» What the exercise asks
Below are some records. Write out exactly their lines from the one with "using a rack" through the one with "Hey everybody, Jessica", and leave the pictures behind.

» Material for this exercise
=======

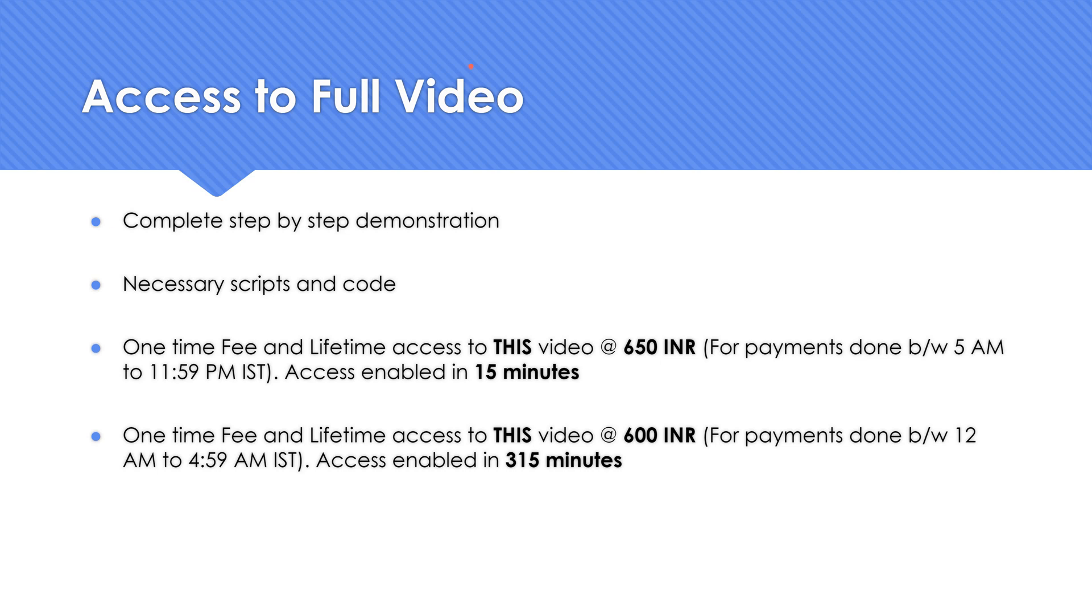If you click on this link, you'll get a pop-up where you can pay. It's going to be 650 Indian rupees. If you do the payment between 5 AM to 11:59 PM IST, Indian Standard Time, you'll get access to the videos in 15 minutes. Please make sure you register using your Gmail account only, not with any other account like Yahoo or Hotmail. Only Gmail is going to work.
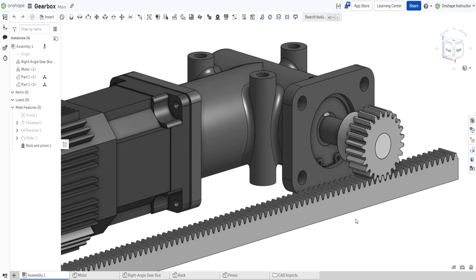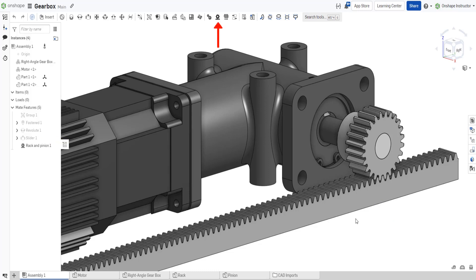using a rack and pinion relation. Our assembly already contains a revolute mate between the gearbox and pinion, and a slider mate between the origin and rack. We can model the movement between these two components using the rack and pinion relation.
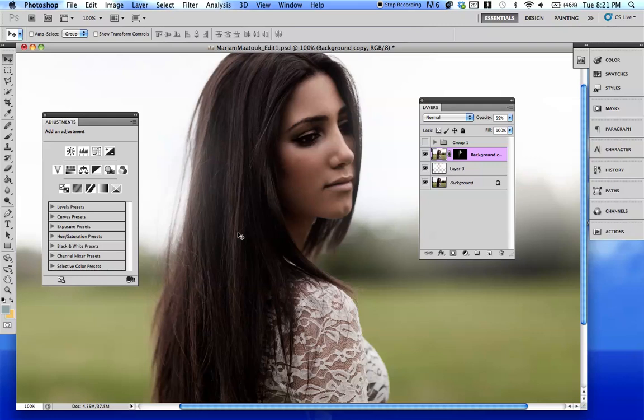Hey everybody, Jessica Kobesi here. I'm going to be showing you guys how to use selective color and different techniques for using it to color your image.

=======

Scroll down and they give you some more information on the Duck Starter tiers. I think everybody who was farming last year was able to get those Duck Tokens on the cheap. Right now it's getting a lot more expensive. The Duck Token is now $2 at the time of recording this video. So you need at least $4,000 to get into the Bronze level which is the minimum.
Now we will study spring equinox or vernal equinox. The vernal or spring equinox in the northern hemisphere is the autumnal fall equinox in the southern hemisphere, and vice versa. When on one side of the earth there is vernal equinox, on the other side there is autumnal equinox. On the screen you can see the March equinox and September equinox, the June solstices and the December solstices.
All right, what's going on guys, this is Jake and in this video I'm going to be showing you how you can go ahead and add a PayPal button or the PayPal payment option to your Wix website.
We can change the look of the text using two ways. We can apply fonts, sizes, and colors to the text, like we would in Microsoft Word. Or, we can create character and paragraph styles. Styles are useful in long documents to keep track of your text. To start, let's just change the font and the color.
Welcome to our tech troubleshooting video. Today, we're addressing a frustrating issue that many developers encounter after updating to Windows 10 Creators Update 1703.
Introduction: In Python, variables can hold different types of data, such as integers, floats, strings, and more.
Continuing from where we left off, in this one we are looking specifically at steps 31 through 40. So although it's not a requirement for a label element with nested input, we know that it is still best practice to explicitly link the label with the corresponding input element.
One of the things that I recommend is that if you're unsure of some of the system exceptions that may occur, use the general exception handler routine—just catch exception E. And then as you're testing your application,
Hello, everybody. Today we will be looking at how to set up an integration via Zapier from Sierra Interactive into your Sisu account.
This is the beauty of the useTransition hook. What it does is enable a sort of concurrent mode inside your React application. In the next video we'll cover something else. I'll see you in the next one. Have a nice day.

=======

» Solved exercise
using a rack and pinion relation. Our assembly already contains a revolute mate between the gearbox and pinion, and a slider mate between the origin and rack. We can model the movement between these two components using the rack and pinion relation.
Hey everybody, Jessica Kobesi here. I'm going to be showing you guys how to use selective color and different techniques for using it to color your image.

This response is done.